In my previous career, I was a Total Quality leader. One of the mantras for total quality is ‘if you cannot measure it, you cannot improve it.” In my current career, I work on social change. My new mantra is, “if you cannot name it, you cannot tame it.”
Last week I was a coach for the Idea Lab for the semifinalists in the University of San Diego’s Social Innovation Challenge. In this Idea Lab, the semifinalists were preparing their pitches for the finals. A few brave individuals even presented their rough 60 second pitches to the audience. One of the ideas was to start a semi-professional soccer team in Yuma, Arizona. Yes, the same infamous border town that I described in my other post on difficult conversations. In his pitch, he described Yuma as a border town citing demographic statistics such as the proportion of Hispanics and the unemployment rates there. Most of the feedback that he received from the audience was about how he should reword his description in a politically correct fashion so he doesn’t offend people. After the event, I was chatting with him about his project and specifically wanted to know about his reaction to the feedback that he received. His response was that he was just describing the place and it was not to offend anyone. He believed that the data he provided has the capacity to create a sense of urgency and help funders understand the importance of his project. Which I think is reasonable.
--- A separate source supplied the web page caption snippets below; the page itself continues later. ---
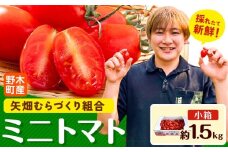 【先行予約】ミニトマト 約1.5kg 1箱 小箱 栃木県 野木町産 矢畑むらづくり組合 《2025年10月上旬-2026年6月下旬頃出荷》栃木県 野木町 トマト ミニトマト 野菜 新鮮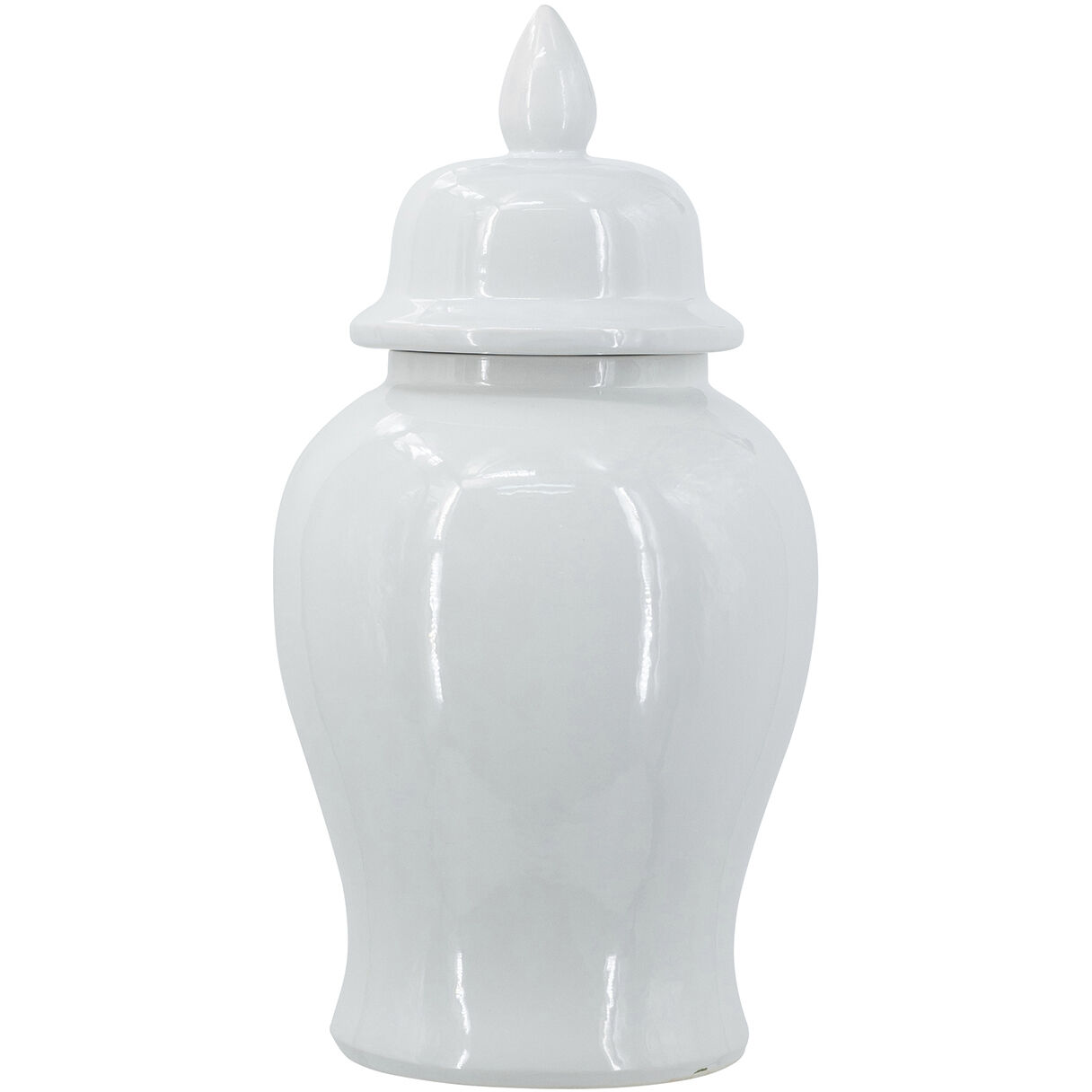 Anita 18.90 inch  X 9.40 inch Decorative Jar & Canister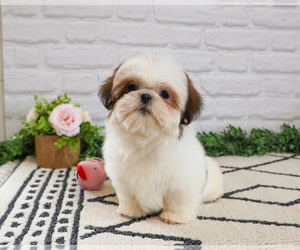 Shih Tzu Puppy for sale in SYRACUSE, IN, USA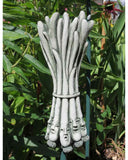 Italian Scallions - Carruth Studio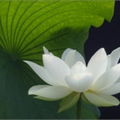 KarinaM
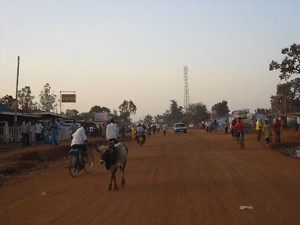 Lira---Kuh-auf-der-Strasse
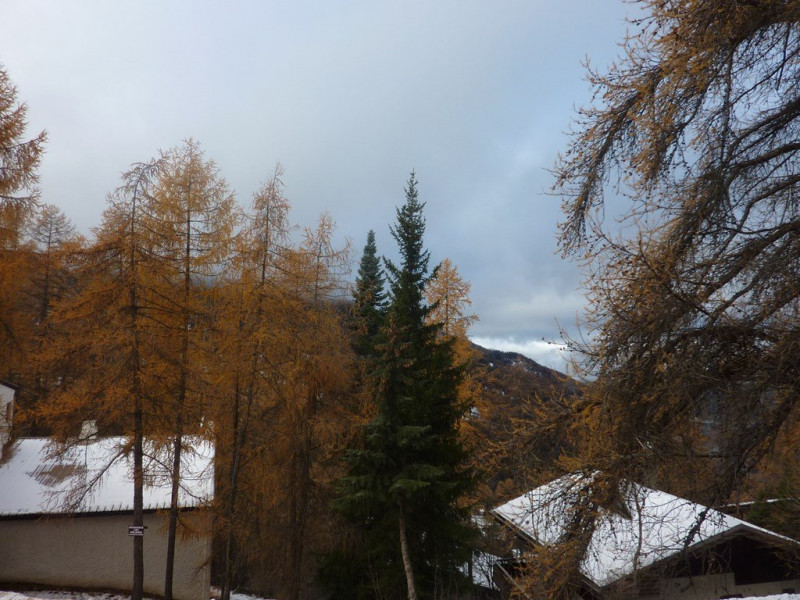 _clients_210520001_photos_438i_10213774 _clients_210520001_photos_438i_10213774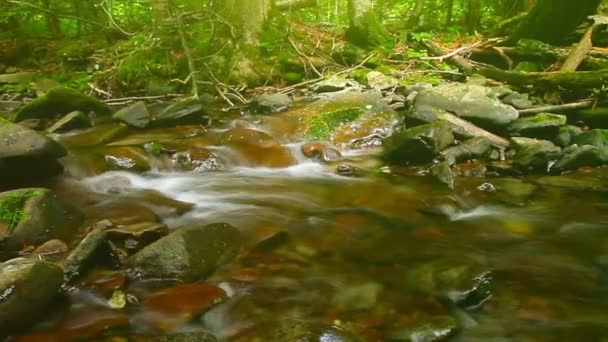 Bergbeekje Het Bos — Stockvideo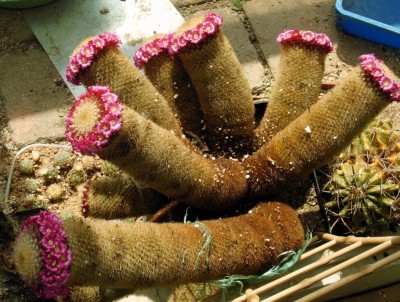 Kopie von Mammillaria pilcayensis, 05.08.JPG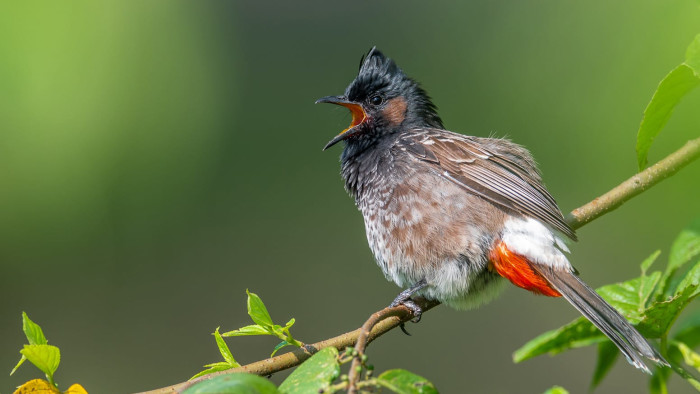 Bulbuls: Play on Merry Minstrels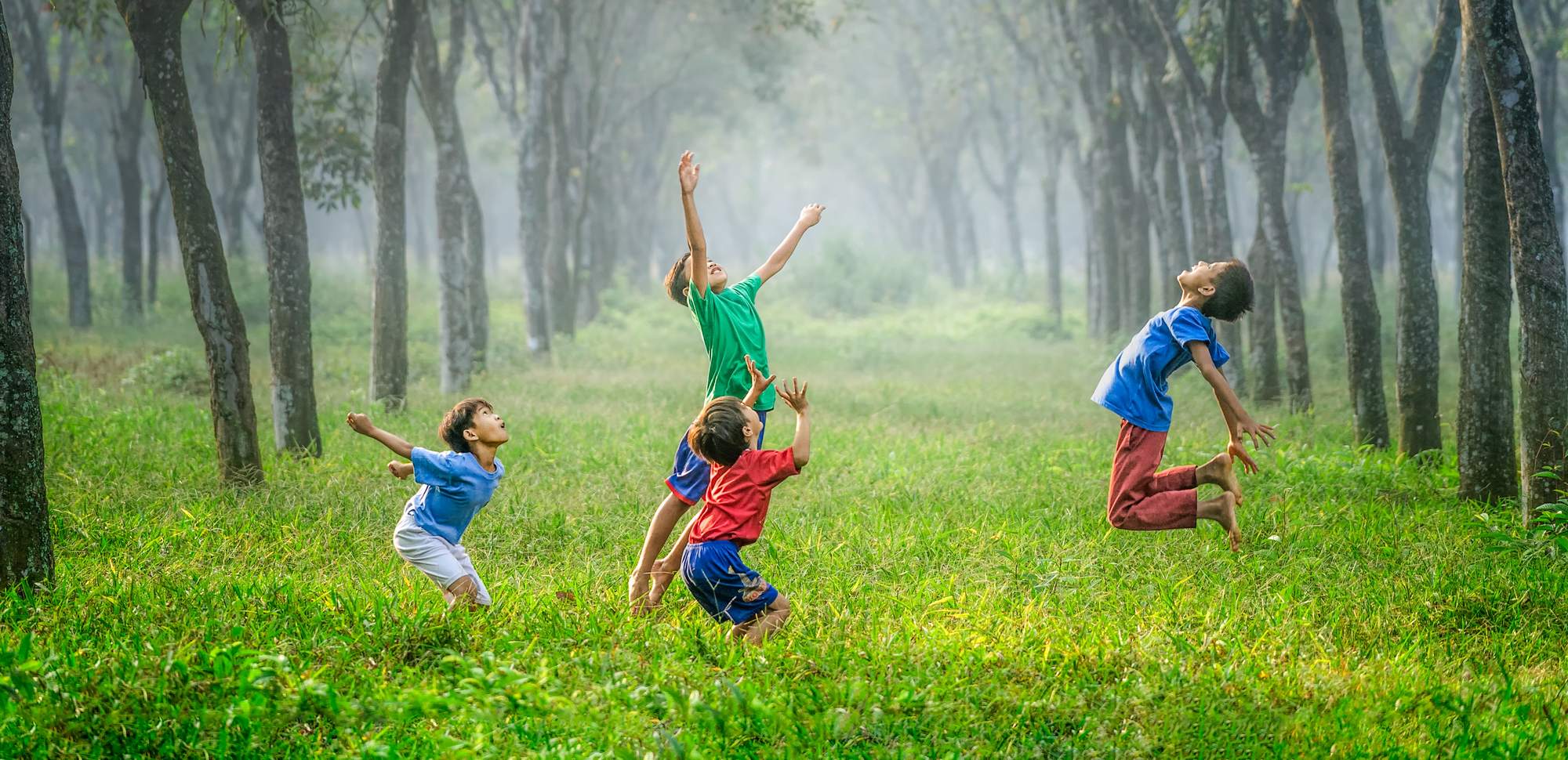 Photo by Robert Collins on Unsplash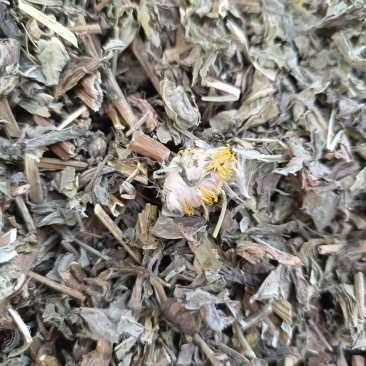 中药材败酱草新货野生败酱草干净无杂质规格齐全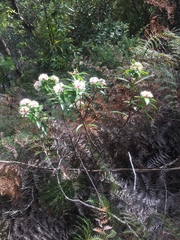 Pimelea longifolia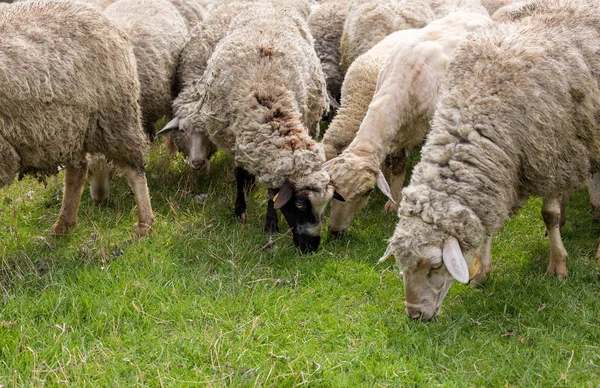 Sheep and goats graze on green grass in spring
Especially given that he is on the ground, engaging to change the dismal reality there.
This exchange set me thinking about how afraid we are to name something so scary like it is Godzilla. If we are so afraid to name something, how can we begin to even tackle it? This is both personal and political. Words are powerful, dangerous and frightening. They form our reality and create worlds. But when we are afraid of words, we are afraid of the world. We fear that naming it means people will judge us and condemn us as a whole. I think the more dangerous fear is that naming something will shine the mirror on us thus exposing us to ourselves. Gandhi and Dr. King did precisely that.
Saying it aloud that the future and relevance of the academy is at stake does not make me less invested in my students or the academy. Saying it aloud that sometimes I wonder if what I do even makes a little difference to the world does not make me less committed ot my profession. It inspires me to find ways to make a difference. Saying it aloud that capitalism was built on colonialism and environmental abuse does not make us utopian hippies. Only then we can find responsible alternatives. Saying it aloud that we have ways to go before we achieve our vision as a just and equitable society does not make us unpatriotic. Saying it aloud that obesity is a problem in our society does not make us tyrants. Saying it aloud that we want to love and be loved does not make us weak. Saying it aloud that we are for gun control does not make us constitution-opposers. Saying it aloud that maybe I cannot have all of it right now does not make any less of a feminist. Saying it aloud that Yuma is a border town with 4.5 times the unemployment rates of national average does not make one racist. That is merely a fact. Condemning them to that fate makes us irresponsible and completely devoid of humanity. Which is why I think the student had it right. He named it with no fear and is making an effort to change it.
BTW, Harry Potter was the only one unafraid to name Voldemort and we all know what happened.